“Deprem, sel, yangın, çığ gibi olaylarda...
- Ölü veya ağır yaralıların bulunması,
- Tarım ürünlerinin en az üçte birinin zarar görmüş olması,
- Nüfusu 15 binden fazla olan il ve ilçelerin mahallelerinde en az on binanın yıkılması,
- Yol, su, elektrik, kanalizasyon gibi kamu tesislerinin kullanılamayacak derecede hasar görmüş olması,
-Ulaşım imkânlarının çok sınırlı olması durumlarında o bölge “Afet Bölgesi” ilan ediliyor”.
Şu fotoğraflara bakın, burası Sinop’un ilçesi Ayancık.
Can kayıpları...
Azgın sel suları Ayancık’ı yıkıp geçmiş.
Deniz arabalar ve kamyonlarla dolup taşmış.
Binalar yerle bir olmuş.
Binlerce metreküp tomruk denize karışmış.

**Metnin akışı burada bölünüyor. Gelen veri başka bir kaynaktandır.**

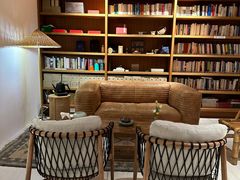 -二酉书店TOYOU BOOKS
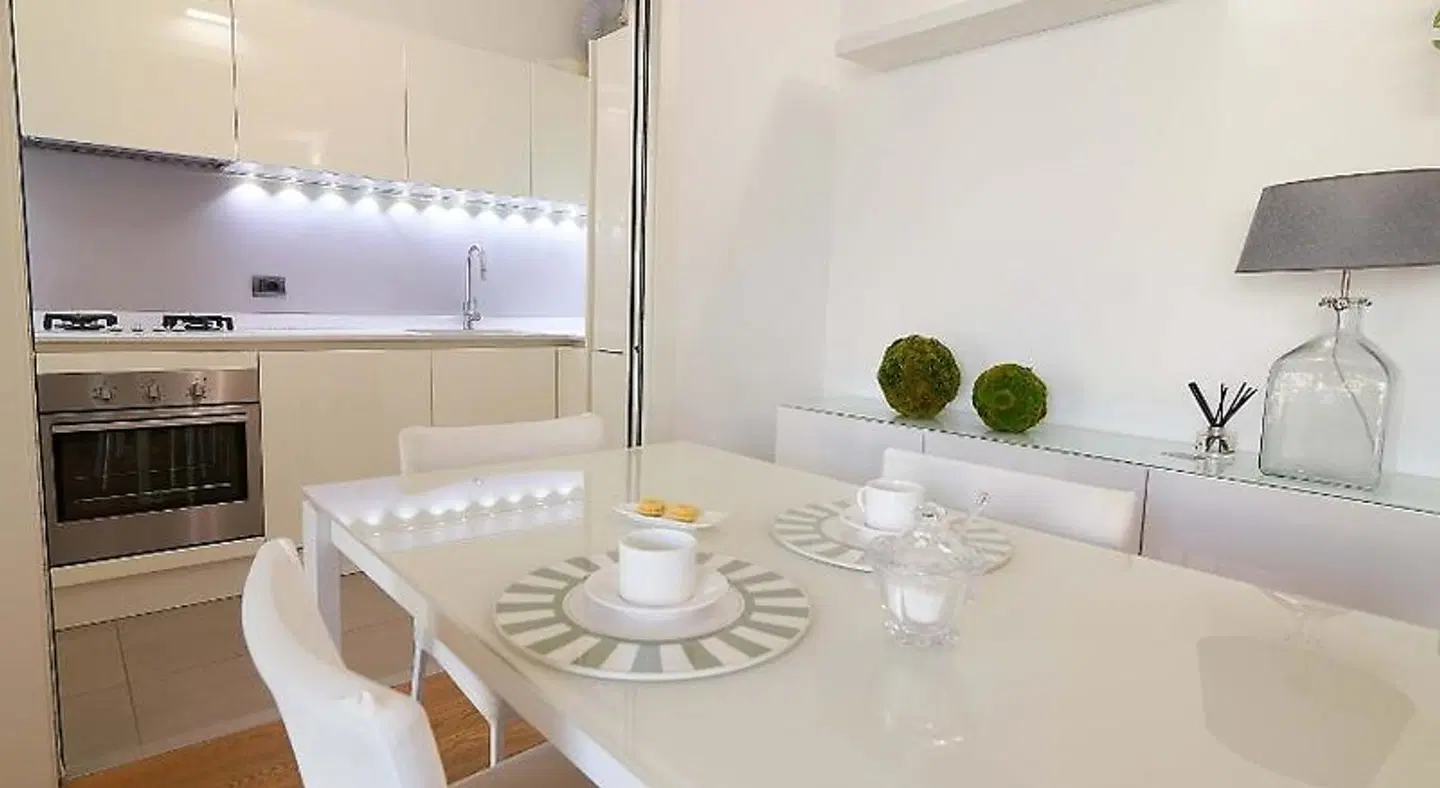 Experience Design Bed&Show ROOM_EXAMPLE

Milyonlarca liralık maddi yıkım.
Köprüleri sel alıp götürmüş, “Ayancık hiçbir yerle bağlantısı kalmayan bir adaya dönüşmüş”.
Ayancık’ın nüfusu 2020 verilerine göre, 23 bin 734.
Dolayısıyla...
“Bölgedeki bazı yerler gibi, Ayancık’ın da ‘Afet Bölgesi’ ilan ediliyor.
Afet Bölgesi ilan edilmesi için yasada öngörülen durumların hepsi Ayancık ve çevresi için geçerli.
“Kastamonu ve Bartın dâhil”.
Afet Bölgesi ilan edilince ne oluyor? Şunlar oluyor:
“- Sağlık hizmetleri, özel hastaneler dâhil, ücretsiz veriliyor.
- Bölgedeki ordu birlikleri, kendilerinden istenecek yardımları yapmakla zorunlu kılınıyor.
- Bölgedeki her bireyin psikolojik ve sosyolojik tedavisi için uzmanlar görevlendiriliyor.
- Evleri yıkılmış ya da hasar görmüş yurttaşlara yeni ev tahsis ediliyor.
- Şirketlerin, esnafların ve kişilerin devlete ve bankalara olan borçları siliniyor ya da erteleniyor.
- Eğitimi aksayan öğrencilere ek sınav imkânı sağlanıyor, merkezi sınavlarda öğrencilere ek puan veriliyor”.
Kısaca...
Onca can ve mal kaybına uğramış insanlara devlet elini uzatıyor.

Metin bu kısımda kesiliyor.